• **EXERCISE BRIEF**
Each entry below should be restated word for word, without any picture it contains.

• **DATA LISTING**
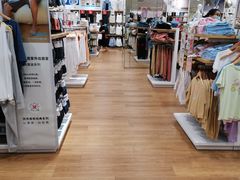 店内环境-优衣库(苏州吴江万象汇店)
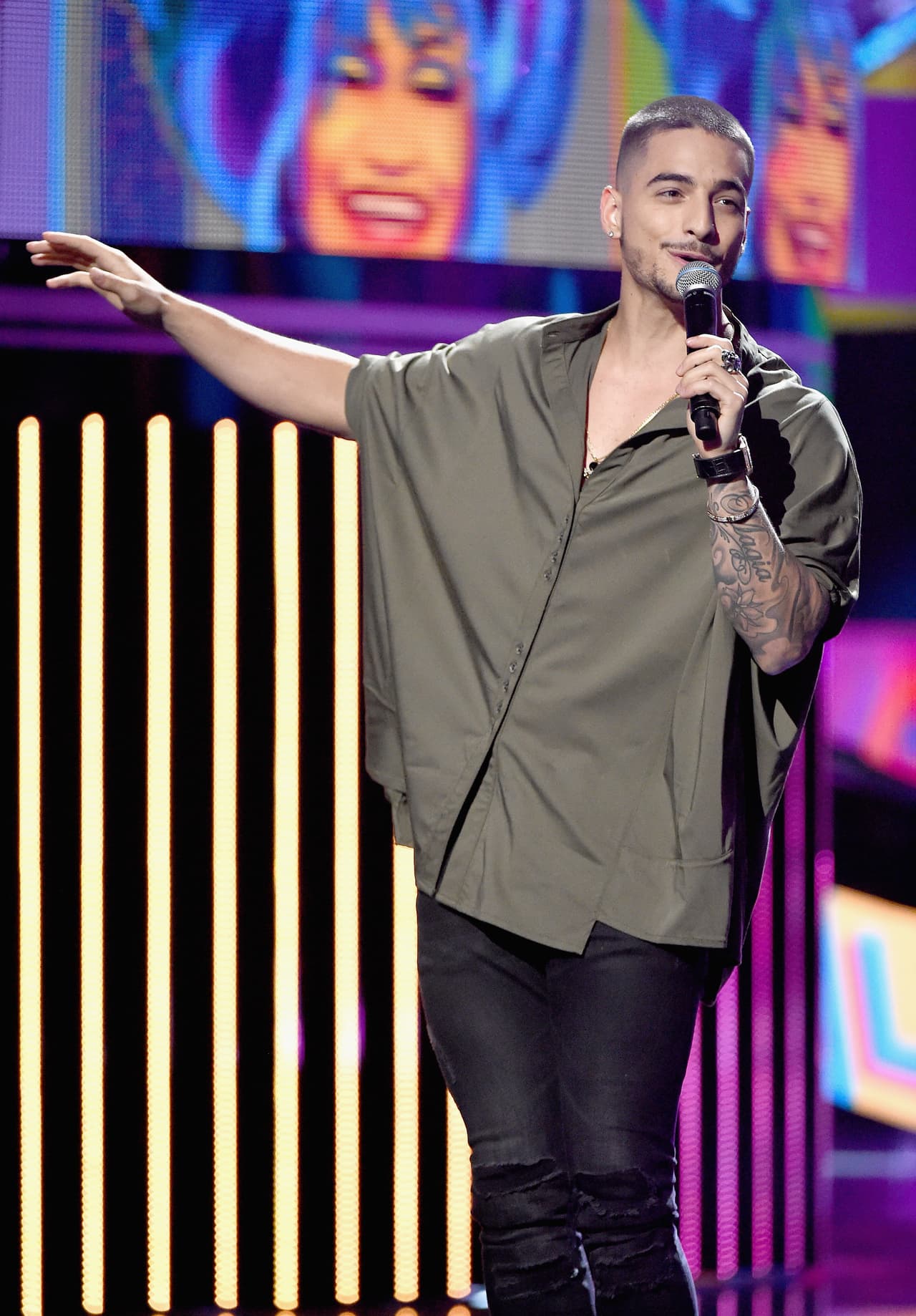 Al parecer las camisas en forma de capa es una de las tendencias que alguna vez Maluma elegió como favorita.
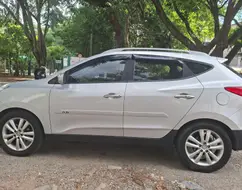 HYUNDAI IX35 2.0 MPI 4X2 16V FLEX 4P AUTOMÁTICO HYUNDAI IX35 2.0 MPI 4X2 16V FLEX 4P AUTOMÁTICO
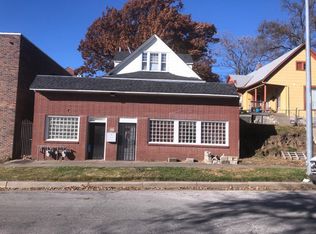 3232 Gillham Rd, Kansas City, MO 64109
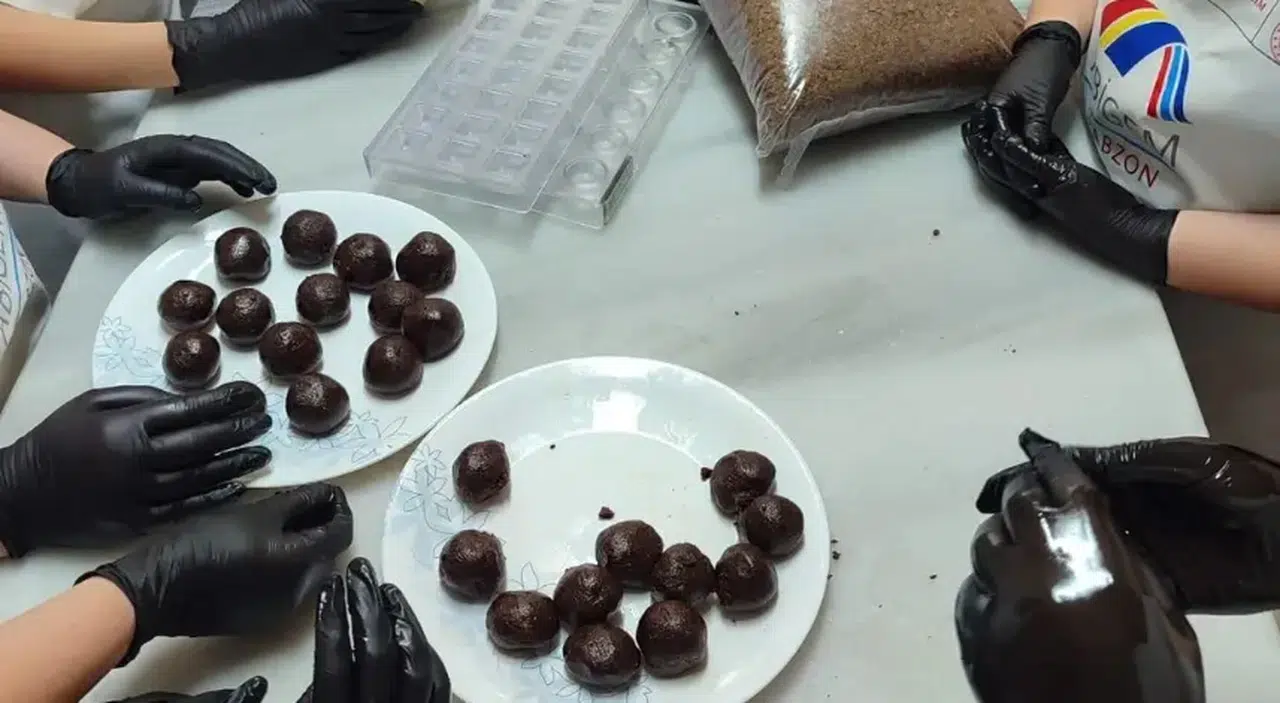 Trabzon'da koruma ve bakım altındaki kız çocukları çikolata yapımını öğreniyor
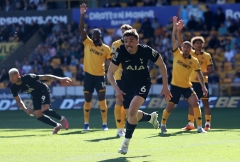 Thắng nghẹt thở, Tottenham vẫn không thoát nổi nhóm xuống hạng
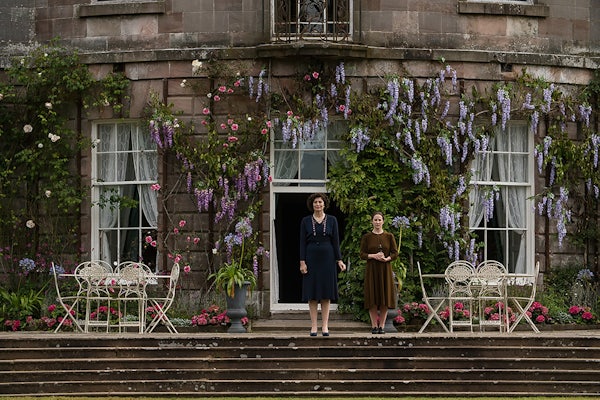 Set in A Grand House : A Puzzle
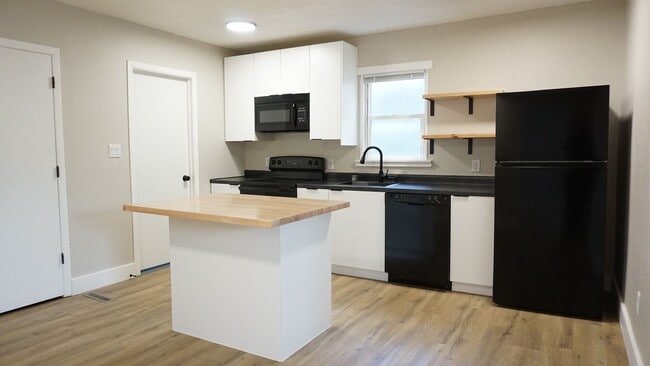 Photo - Charming Fully Remodeled Home with 4 Garage Stalls & Park Access in Central Minot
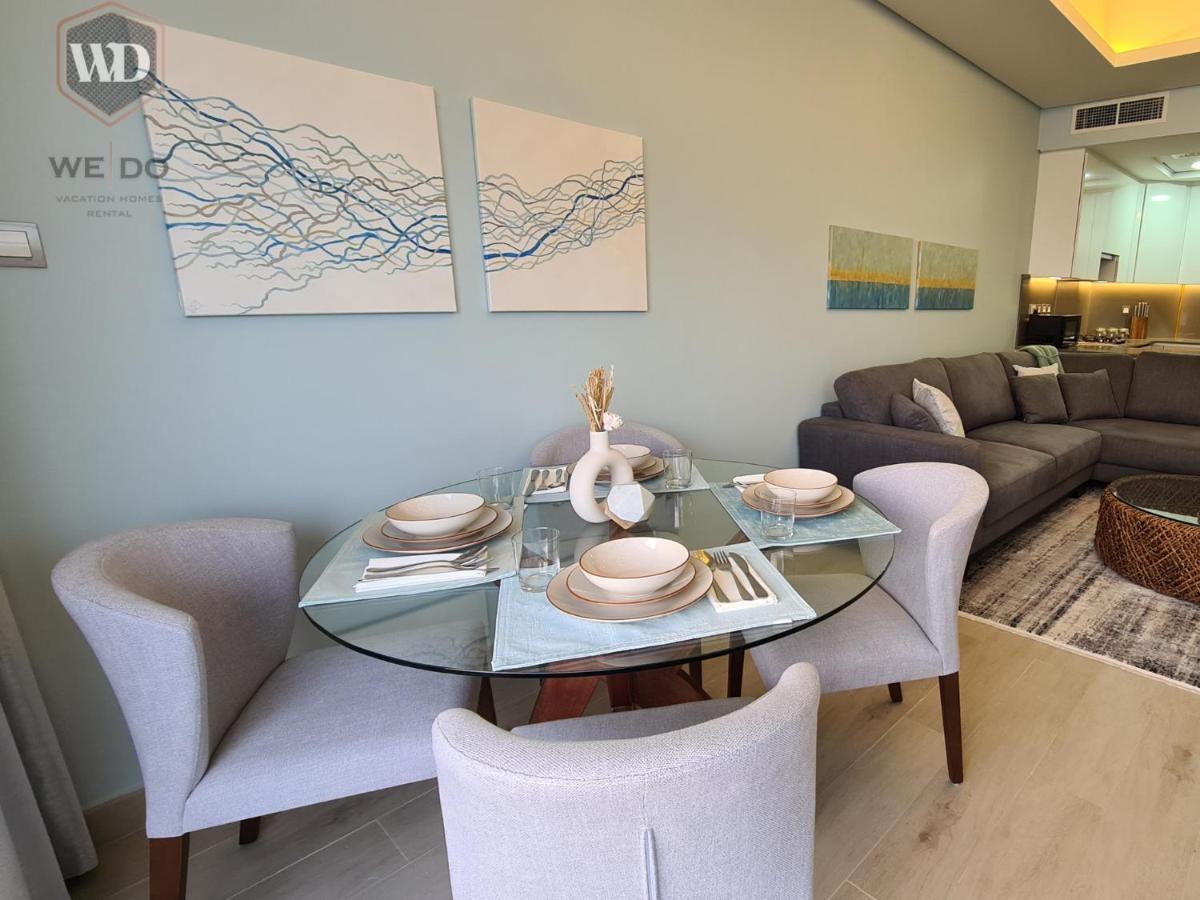 Luxurious 1-bedroom With Private Access Apartment Dubai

• **OUTPUT OF THE TASK**
 店内环境-优衣库(苏州吴江万象汇店)
 Al parecer las camisas en forma de capa es una de las tendencias que alguna vez Maluma elegió como favorita.
 HYUNDAI IX35 2.0 MPI 4X2 16V FLEX 4P AUTOMÁTICO HYUNDAI IX35 2.0 MPI 4X2 16V FLEX 4P AUTOMÁTICO
 3232 Gillham Rd, Kansas City, MO 64109
 Trabzon'da koruma ve bakım altındaki kız çocukları çikolata yapımını öğreniyor
 Thắng nghẹt thở, Tottenham vẫn không thoát nổi nhóm xuống hạng
 Set in A Grand House : A Puzzle
 Photo - Charming Fully Remodeled Home with 4 Garage Stalls & Park Access in Central Minot
 Luxurious 1-bedroom With Private Access Apartment Dubai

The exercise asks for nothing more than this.